[TASK]
What is needed is an exact transcription of the line containing "Selections From The" and every line after it through the end of the entries below, with no pictures.

[DATA PROVIDED]
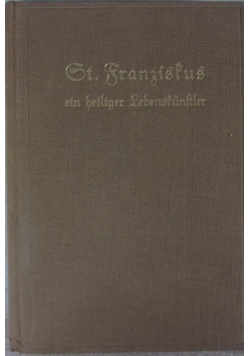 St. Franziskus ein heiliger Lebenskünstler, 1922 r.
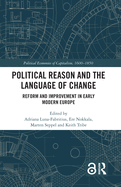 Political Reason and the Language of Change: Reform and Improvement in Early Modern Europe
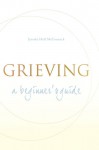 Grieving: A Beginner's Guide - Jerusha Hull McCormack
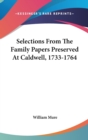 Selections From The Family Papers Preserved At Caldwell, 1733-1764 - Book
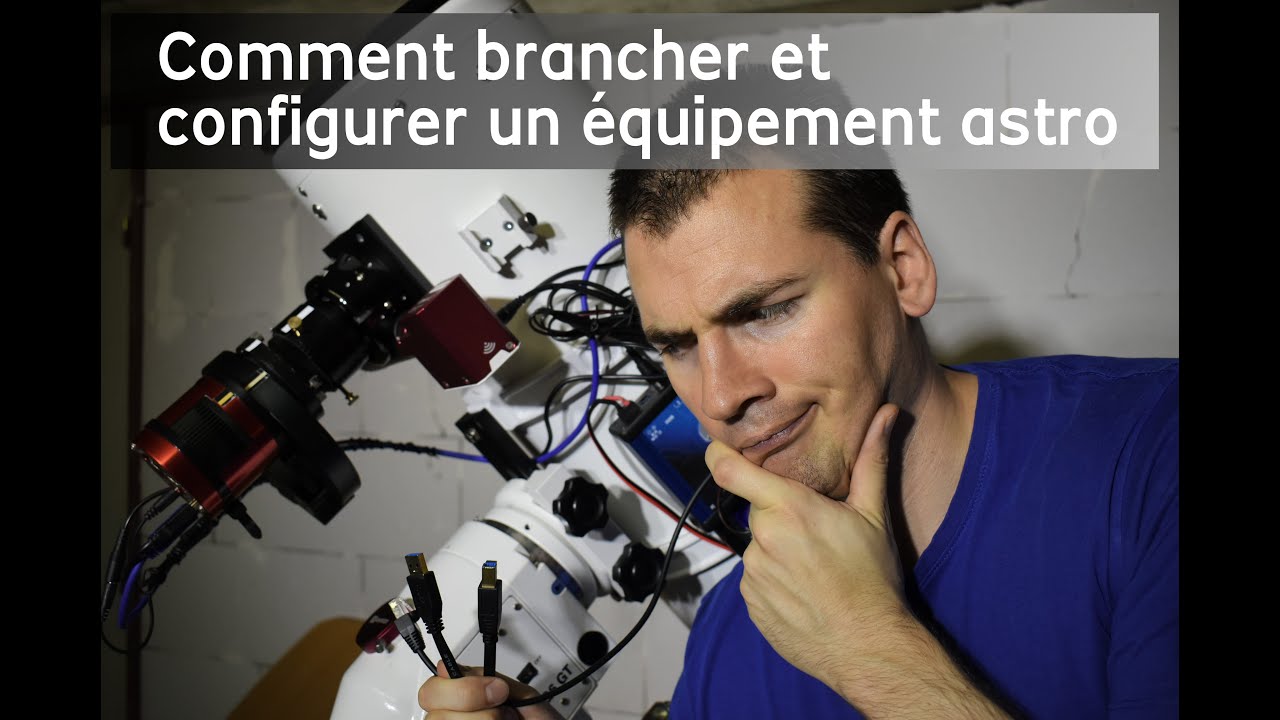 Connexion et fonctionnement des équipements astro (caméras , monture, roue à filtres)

[ANSWER TO THIS EXERCISE]
 Selections From The Family Papers Preserved At Caldwell, 1733-1764 - Book
 Connexion et fonctionnement des équipements astro (caméras , monture, roue à filtres)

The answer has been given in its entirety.